[TASK ITEM]
All of the entries need to be copied character for character.

[SOURCE MATERIAL]
[Start of Attachment]

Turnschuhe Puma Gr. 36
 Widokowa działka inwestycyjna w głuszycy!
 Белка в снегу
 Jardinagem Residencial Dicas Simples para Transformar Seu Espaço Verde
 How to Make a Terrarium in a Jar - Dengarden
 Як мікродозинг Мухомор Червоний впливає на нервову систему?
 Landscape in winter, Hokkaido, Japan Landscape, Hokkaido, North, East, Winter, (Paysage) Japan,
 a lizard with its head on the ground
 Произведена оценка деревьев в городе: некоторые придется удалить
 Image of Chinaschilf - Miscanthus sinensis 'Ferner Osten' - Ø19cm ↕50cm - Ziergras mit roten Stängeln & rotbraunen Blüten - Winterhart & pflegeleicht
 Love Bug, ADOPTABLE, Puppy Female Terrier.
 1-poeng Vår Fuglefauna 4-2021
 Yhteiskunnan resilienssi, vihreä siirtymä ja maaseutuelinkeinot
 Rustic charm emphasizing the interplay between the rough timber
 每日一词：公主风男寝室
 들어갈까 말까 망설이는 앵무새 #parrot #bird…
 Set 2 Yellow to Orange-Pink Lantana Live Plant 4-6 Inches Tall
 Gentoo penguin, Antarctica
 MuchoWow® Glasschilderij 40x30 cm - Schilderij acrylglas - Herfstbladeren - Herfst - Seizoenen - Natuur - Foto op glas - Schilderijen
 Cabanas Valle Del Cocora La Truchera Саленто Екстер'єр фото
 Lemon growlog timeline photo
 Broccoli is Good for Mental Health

[End of Attachment]

[OUTPUT FOR THIS EXERCISE]
Turnschuhe Puma Gr. 36
 Widokowa działka inwestycyjna w głuszycy!
 Белка в снегу
 Jardinagem Residencial Dicas Simples para Transformar Seu Espaço Verde
 How to Make a Terrarium in a Jar - Dengarden
 Як мікродозинг Мухомор Червоний впливає на нервову систему?
 Landscape in winter, Hokkaido, Japan Landscape, Hokkaido, North, East, Winter, (Paysage) Japan,
 a lizard with its head on the ground
 Произведена оценка деревьев в городе: некоторые придется удалить
 Image of Chinaschilf - Miscanthus sinensis 'Ferner Osten' - Ø19cm ↕50cm - Ziergras mit roten Stängeln & rotbraunen Blüten - Winterhart & pflegeleicht
 Love Bug, ADOPTABLE, Puppy Female Terrier.
 1-poeng Vår Fuglefauna 4-2021
 Yhteiskunnan resilienssi, vihreä siirtymä ja maaseutuelinkeinot
 Rustic charm emphasizing the interplay between the rough timber
 每日一词：公主风男寝室
 들어갈까 말까 망설이는 앵무새 #parrot #bird…
 Set 2 Yellow to Orange-Pink Lantana Live Plant 4-6 Inches Tall
 Gentoo penguin, Antarctica
 MuchoWow® Glasschilderij 40x30 cm - Schilderij acrylglas - Herfstbladeren - Herfst - Seizoenen - Natuur - Foto op glas - Schilderijen
 Cabanas Valle Del Cocora La Truchera Саленто Екстер'єр фото
 Lemon growlog timeline photo
 Broccoli is Good for Mental Health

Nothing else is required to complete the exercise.